Ostim, Davutpaşa, Karadon, Soma, Mecidiyeköy, Ermenek... Bu kaçıncı? Daha ne kadar işçi sermayenin kâr hırsına kurban gidecek? Daha Soma’da katledilen işçilerin kanı kurumadan Mecidiyeköy’de 10 işçi iş cinayetine kurban gitmişti. Aradan iki ay bile geçmeden şimdi de Ermenek’teki bir kömür madeni 18 işçiye mezar oldu. Has Şekerler şirketine ait kömür ocağında, yerin 350 metre altındaki bölümde galeriye su dolmaya başlayınca, 16 işçi kendi çabalarıyla havalandırma ve diğer galerileri kullanarak kurtulmayı başarırken 18 işçi ise madende mahsur kaldı. Madende 12 bin ton su olduğu ve su boşaltılmadan arama çalışmalarına başlanamayacağı söyleniyor.

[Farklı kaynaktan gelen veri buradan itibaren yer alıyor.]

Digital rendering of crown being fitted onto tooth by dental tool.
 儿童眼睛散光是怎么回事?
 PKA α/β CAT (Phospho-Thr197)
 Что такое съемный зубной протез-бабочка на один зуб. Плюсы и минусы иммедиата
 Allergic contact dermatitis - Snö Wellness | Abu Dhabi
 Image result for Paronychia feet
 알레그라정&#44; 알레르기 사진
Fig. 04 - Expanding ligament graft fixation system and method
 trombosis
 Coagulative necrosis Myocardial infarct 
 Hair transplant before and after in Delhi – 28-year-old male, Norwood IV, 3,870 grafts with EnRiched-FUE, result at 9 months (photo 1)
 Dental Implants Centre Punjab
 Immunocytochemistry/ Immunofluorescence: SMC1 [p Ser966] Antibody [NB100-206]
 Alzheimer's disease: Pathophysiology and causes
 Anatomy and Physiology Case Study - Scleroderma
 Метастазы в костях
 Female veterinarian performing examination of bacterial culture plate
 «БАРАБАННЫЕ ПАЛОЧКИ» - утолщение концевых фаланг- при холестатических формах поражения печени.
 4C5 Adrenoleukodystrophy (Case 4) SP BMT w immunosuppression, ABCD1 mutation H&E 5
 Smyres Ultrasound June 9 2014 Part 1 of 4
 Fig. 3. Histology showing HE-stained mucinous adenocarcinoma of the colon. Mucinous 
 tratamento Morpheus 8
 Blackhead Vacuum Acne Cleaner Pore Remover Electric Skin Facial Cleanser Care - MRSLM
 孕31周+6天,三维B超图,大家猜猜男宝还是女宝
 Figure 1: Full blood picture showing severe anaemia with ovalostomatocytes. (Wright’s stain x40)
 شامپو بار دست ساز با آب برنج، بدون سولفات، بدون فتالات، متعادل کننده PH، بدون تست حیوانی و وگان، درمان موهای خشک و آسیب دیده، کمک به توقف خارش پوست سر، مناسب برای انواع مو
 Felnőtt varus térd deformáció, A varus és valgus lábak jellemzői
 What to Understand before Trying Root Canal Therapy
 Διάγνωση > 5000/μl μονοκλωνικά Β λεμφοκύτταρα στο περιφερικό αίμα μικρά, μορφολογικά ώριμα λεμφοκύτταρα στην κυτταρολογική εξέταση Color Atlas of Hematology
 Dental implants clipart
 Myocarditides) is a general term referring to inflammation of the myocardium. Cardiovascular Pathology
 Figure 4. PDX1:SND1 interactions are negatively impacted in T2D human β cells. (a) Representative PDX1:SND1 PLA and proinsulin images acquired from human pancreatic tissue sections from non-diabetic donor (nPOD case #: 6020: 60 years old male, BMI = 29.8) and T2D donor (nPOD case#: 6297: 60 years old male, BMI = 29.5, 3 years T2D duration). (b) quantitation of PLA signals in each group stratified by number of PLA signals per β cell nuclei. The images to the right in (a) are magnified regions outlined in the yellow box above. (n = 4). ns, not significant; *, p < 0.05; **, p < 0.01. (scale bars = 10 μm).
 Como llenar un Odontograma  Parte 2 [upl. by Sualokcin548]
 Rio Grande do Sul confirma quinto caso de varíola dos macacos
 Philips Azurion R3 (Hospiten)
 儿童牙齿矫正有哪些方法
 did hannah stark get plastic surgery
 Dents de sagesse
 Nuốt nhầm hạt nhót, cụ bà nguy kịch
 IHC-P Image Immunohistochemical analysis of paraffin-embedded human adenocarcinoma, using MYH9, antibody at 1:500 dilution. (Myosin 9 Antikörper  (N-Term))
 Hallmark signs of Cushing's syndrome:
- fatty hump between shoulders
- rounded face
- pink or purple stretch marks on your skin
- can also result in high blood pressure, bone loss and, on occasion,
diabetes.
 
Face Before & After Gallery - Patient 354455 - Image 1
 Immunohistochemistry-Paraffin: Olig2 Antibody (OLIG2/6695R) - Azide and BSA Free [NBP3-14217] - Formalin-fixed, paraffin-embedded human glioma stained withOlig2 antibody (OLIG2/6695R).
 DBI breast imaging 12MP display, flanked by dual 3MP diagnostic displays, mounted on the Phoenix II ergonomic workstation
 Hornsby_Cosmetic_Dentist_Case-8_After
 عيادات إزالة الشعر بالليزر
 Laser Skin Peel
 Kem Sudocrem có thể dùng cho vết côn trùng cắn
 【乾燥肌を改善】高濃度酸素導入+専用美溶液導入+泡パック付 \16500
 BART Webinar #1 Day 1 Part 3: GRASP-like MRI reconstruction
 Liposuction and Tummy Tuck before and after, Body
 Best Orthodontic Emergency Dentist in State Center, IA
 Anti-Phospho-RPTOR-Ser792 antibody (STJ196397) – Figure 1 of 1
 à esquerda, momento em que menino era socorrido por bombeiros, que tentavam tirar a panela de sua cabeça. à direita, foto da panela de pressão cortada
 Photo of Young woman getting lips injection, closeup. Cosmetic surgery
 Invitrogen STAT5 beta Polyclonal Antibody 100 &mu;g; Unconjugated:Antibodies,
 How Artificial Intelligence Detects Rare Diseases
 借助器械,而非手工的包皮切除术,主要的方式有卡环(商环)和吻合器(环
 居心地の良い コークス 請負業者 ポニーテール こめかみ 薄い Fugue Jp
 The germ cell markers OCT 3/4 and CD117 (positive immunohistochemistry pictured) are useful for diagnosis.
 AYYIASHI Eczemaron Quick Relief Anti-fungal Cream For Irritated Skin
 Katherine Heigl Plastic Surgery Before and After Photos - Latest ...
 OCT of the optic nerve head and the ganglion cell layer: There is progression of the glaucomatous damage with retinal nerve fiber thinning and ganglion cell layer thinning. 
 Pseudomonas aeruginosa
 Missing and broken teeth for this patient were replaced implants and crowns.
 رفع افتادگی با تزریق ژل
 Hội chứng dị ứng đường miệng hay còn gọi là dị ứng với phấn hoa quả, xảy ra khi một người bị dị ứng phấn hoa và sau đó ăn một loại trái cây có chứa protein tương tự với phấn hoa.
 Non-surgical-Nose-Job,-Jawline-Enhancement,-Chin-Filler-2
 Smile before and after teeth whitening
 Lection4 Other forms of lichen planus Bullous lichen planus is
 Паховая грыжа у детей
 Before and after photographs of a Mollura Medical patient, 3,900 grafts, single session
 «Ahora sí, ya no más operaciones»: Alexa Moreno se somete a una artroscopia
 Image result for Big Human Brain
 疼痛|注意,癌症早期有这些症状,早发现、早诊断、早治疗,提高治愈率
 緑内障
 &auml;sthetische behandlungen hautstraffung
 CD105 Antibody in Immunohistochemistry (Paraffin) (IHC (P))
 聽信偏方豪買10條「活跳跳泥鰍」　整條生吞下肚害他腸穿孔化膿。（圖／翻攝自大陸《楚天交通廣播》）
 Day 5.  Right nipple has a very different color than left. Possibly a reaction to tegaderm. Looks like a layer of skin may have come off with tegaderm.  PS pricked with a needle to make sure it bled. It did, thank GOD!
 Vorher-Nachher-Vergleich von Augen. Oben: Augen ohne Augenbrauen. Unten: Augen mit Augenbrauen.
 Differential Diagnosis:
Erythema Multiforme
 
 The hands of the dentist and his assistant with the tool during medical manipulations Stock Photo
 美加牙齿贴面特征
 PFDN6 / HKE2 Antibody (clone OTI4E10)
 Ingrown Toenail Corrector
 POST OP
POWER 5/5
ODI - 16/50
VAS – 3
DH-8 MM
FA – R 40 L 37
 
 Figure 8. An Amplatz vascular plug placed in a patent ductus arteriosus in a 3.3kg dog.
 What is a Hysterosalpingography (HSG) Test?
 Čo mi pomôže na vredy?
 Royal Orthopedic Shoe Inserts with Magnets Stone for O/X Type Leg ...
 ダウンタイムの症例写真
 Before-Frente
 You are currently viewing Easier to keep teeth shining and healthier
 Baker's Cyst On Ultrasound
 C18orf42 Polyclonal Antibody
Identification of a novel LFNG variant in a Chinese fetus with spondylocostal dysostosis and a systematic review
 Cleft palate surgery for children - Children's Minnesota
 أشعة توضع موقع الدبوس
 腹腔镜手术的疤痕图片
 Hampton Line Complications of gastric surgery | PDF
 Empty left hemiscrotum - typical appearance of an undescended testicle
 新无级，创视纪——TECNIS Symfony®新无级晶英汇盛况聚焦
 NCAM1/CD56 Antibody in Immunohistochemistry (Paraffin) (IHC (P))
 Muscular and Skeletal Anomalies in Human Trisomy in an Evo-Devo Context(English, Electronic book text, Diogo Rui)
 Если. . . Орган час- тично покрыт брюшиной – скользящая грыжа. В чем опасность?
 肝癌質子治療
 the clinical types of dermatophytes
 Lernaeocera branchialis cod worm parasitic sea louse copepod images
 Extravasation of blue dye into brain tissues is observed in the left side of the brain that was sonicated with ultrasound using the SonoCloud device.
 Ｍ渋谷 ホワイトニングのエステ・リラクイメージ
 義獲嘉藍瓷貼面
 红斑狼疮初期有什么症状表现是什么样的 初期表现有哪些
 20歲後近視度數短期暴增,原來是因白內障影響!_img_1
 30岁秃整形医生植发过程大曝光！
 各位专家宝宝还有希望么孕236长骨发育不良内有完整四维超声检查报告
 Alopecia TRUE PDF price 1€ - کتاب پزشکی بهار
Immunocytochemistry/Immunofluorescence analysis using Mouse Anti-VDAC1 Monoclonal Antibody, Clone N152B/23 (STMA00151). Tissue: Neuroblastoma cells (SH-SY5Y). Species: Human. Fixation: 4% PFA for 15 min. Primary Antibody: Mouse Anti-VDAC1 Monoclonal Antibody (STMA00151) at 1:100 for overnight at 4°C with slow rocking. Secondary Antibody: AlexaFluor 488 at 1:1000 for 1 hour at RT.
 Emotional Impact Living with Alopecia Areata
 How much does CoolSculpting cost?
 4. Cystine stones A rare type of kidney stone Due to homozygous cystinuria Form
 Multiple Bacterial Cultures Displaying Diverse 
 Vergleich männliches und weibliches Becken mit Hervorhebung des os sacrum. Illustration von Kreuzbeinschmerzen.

AKP hükümeti bütün iş cinayetlerinde olduğu gibi yine pişkince davranıyor. İş güvenliği önemlerinin neden alınmadığının, gerekli denetimlerin neden yapılmadığının hesabını vereceği yerde, “su sızıntısının nereden kaynaklandığını araştırıyoruz” diye açıklamalarda bulunuyor. Soma’da da aynı yönteme başvurulmuş, daha ilk dakikadan itibaren olayın trafo patlaması sonucu gerçekleştiği yalanı dillendirilmeye başlanmıştı. AKP ve emrindeki burjuva medyaya göre patronun suçu yoktu, tüm önlemler ve denetimler yapılmıştı, suçlu trafoydu. Ne var ki kısa süre içinde yalanları ellerinde patladı ve bu katliama kömürün için için yanması sonucu çıkan yangının yol açtığı ortaya çıktı. İki aydır sensörler karbonmonoksit miktarının maksimum değerinin on katına çıktığını göstermesine rağmen bu durum yönetim tarafından dikkate alınmamış ve o korkunç katliam meydana gelmişti. Ermenek’te de aynı umursamazlık söz konusudur. Hükümet pişkince su sızıntısının nereden kaynaklandığını araştıradursun, işçiler daha önce su baskınlarının defalarca yaşandığını söylüyorlar. İşçiler ve işçi yakınları, bölgeye gelen Enerji ve Tabii Kaynaklar Bakanı Taner Yıldız’a, kazanın yaşanacağının önceden belli olduğunu ve buna rağmen hiçbir önlem alınmadığını söyleyerek tepki gösteriyorlar.
Ermenek’te yaşanan katliamın baş sorumlusu, ciddi bir denetim ve yaptırım mekanizmasını hayata geçirmeyen AKP hükümetidir. Çeşitli müfettiş raporları olmasına rağmen, maden kısa süreli bir kapatılma cezasının ardından yeniden faaliyete geçirilmiştir. Patron üretim durmasın diye sondajla suyun olup olmadığını tespit etmemiş, hükümet ise gerekli denetimleri yapmamıştır. Şimdi kalkıp su şuradan mı sızdı buradan mı sızdı diye oyalayıcı ve aldatıcı birtakım açıklamalar yapıyorlar. Oysa gerekli denetimler yapılsaydı su sızıntısı da, kaynağı da tespit edilecek, madenin çalışması durdurulacak, haliyle 18 işçi de yaşamını yitirmeyecekti.
AKP’nin ve Erdoğan’ın ağzından düşürmediği “Yeni Türkiye”de sermayenin payına işçilerin kanını emerek daha fazla büyümek düşerken, işçilerin payına ise ölüm, gözyaşı, açlık, yoksulluk ve tarifsiz acılar düşmektedir.
İş kazaları bugün işçi sınıfının en can alıcı sorunlarının başında geliyor. Her iki ayda bir Soma katliamı yaşanıyor ve yüzlerce işçi yaşamını yitiriyor. Bütün bunlara rağmen sendikalar harekete geçmiş değil. İşçiler patır patır ölürken, sendikalar bu soruna karşı etkili bir mücadele örgütleyecekleri yerde basın açıklamalarıyla bu görevi yerine getirdiklerini sanıyorlar.
Sermaye ve AKP hükümetinden yaptıklarının hesabını ancak örgütlü bir işçi sınıfı sorabilir. Sermayenin ve emrindeki AKP hükümetinin azgın saldırılarına karşı işçilerin birleşik mücadelesini örme ve sendikaları mücadeleci bir çizgisiye çekme görevi önümüzde duruyor.